I got told to say it.


----------



## MarkM (May 23, 2019)

-34 c wind chill -44c in Saskatabum, getting colder tonight!


----------



## MarkM (May 23, 2019)

LanceT said:


> Love how the media portrays the winter weather here. Stay home or you'll die.


I don't have any issue staying home tonight!


----------



## mhammer (Nov 30, 2007)

MarkM said:


> -34 c wind chill -44c in Saskatabum, getting colder tonight!

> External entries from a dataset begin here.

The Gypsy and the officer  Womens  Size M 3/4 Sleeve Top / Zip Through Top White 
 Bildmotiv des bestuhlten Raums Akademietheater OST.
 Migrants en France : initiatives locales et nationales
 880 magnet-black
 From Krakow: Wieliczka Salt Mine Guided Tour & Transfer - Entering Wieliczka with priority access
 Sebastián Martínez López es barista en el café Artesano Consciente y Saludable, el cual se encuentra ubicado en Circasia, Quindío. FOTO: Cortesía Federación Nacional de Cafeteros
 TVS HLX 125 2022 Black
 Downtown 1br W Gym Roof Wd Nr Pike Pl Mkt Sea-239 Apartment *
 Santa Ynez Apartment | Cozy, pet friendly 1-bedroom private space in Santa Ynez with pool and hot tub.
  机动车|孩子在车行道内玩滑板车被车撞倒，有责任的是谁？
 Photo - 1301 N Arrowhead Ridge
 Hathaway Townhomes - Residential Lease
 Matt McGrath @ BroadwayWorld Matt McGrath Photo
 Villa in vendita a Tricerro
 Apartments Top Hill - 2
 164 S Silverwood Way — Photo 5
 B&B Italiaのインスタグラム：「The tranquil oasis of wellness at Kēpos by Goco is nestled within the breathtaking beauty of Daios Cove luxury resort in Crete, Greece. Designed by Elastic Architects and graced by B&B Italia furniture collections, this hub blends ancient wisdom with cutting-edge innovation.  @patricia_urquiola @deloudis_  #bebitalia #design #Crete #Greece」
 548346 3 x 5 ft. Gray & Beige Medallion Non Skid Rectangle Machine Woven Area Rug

There was a sound to the snow, when we lived in Edmonton, borne of sticking around for several months at that temperature, that only one other thing in my experience sounds like. When you're trudging to the bus stop in the morning, or coming home in the dark, the snow makes a squeak when you step on it just like when the dentist would shove old-school amalgam fillings into your teeth. Like an ice-pick to the forehead. It becomes almost as mandatory to wear earphones to block it out as it's mandatory to wear long johns.


----------



## Kerry Brown (Mar 31, 2014)

We survived the night. Several short power outages but fortunately none longer than a few seconds. I haven't seen weather like this since I was in elementary school back in the '60s. It's still snowing pretty hard but the wind is down to a stiff breeze. Time to go dig out the driveway. Happily the wind blew most of the snow off the driveway


----------



## High/Deaf (Aug 19, 2009)

Kerry Brown said:


> Just got back from driving my wife to work. Crazy blizzard conditions. I haven't seen anything like this here since the 60's. Very poor visibility in the blowing snow. Traffic creeping along at 40 kph. not too much traffic out except parents getting their kids to school. All the schools in the lower mainland are closed but they are open here. The only good thing is the wind was mostly blowing the snow off the roads so they were icy with a bit of compact snow but not too deep.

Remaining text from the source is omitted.